Invention, réaction, enfumage
Difficile de ne pas subir l’injonction permanente à innover, inventer, renouveler. Loin de la foi positiviste dans le progrès qui portait autrefois aux nues tout ce qui paraissait d’avant-garde, c’est davantage aujourd’hui la société de consommation et l’hyper-compétitivité qui en découle qui instaurent cette dictature : qui n’avance pas s’exclut du monde des gagnants. Dans un environ- nement en forte mutation, il n’est certes plus possible de se satisfaire de réponses nées dans un univers révolu. Mais l’injonction est parfois si oppressante que ceux en peine d’inventivité en viennent à produire des simulacres de nouveauté. La presse – et d’a n’y échappe pas – a sa part de responsabilité dans cette dérive lorsqu’elle tente de répondre à l’avidité des lecteurs en conte- nus innovants ou stimulants pour leur imagination. Ce qu’il faut bien appeler les foires d’architecture, et tout particulièrement la Biennale de Venise, sont le lieu privilégié de ce théâtre des apparences. N’existe que celui qui paraît marquer un coup d’avance sur les autres. Mais les idées neuves étant rares, s’est développé un art permettant de réinventer la poudre sans en avoir l’air. On recycle les vieilles idées, on emballe des banalités dans une rhétorique pseudo-savante.
Le temps de l’architecture n’est pourtant pas celui des événements culturels et la manifestation vénitienne confiée cette année à David Chipperfield, tout en opérant dans un contexte de crise mondiale un retour assumé à de sages valeurs universelles, n’échappe pas toujours à ces dérives. Cela n’a pas empêché les critiques, déplorant le manque d’imagination du commissaire britannique. Perdure en effet cette idée sotte que l’imagination se jauge à l’aune de la complexité des formes et qu’à ce titre, par exemple, l’architecture de Lacaton & Vassal serait moins inventive que celle de Zaha Hadid.
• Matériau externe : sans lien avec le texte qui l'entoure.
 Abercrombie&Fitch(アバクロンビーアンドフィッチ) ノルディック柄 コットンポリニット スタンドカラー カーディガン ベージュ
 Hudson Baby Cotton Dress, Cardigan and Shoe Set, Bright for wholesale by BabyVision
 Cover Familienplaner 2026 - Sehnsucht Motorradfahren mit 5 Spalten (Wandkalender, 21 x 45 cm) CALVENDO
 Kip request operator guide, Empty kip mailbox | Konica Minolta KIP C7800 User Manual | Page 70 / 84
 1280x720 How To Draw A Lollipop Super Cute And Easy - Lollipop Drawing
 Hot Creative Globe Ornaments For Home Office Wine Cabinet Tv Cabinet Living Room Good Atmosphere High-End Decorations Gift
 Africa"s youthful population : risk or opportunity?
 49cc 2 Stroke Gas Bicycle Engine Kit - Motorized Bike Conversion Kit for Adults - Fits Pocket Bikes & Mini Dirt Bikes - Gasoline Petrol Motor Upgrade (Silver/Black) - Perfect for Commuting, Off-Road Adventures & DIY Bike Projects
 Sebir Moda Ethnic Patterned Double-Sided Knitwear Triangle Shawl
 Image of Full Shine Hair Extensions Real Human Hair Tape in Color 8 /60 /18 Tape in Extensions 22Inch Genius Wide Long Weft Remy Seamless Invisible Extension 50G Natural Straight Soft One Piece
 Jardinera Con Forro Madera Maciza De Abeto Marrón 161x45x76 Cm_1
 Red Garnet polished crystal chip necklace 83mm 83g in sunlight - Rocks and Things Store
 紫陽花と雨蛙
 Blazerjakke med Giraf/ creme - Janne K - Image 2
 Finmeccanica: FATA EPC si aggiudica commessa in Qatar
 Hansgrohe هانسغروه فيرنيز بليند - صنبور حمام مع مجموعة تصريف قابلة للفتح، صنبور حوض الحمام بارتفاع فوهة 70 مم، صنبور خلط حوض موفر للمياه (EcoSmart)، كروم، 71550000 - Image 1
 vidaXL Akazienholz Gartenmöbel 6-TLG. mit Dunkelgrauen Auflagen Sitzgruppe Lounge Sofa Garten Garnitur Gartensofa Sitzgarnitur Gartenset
En se penchant sur les modes de production de l’immobilier tertiaire comme nous le faisons ce mois-ci dans notre dossier, on voit bien que le déterminisme économique et financier est devenu si prégnant sur l’architecture que les questions formelles sont reléguées à l’arrière-plan de la conception. Or, si l’architecte veut jouer un rôle qui ne le limite pas au façadisme, il doit comprendre que ce qu’il envisage justement comme un lieu habitable n’est souvent plus qu’un produit financier et qu’il lui appartient désormais de déjouer ces mécanismes complexes des conditions de production.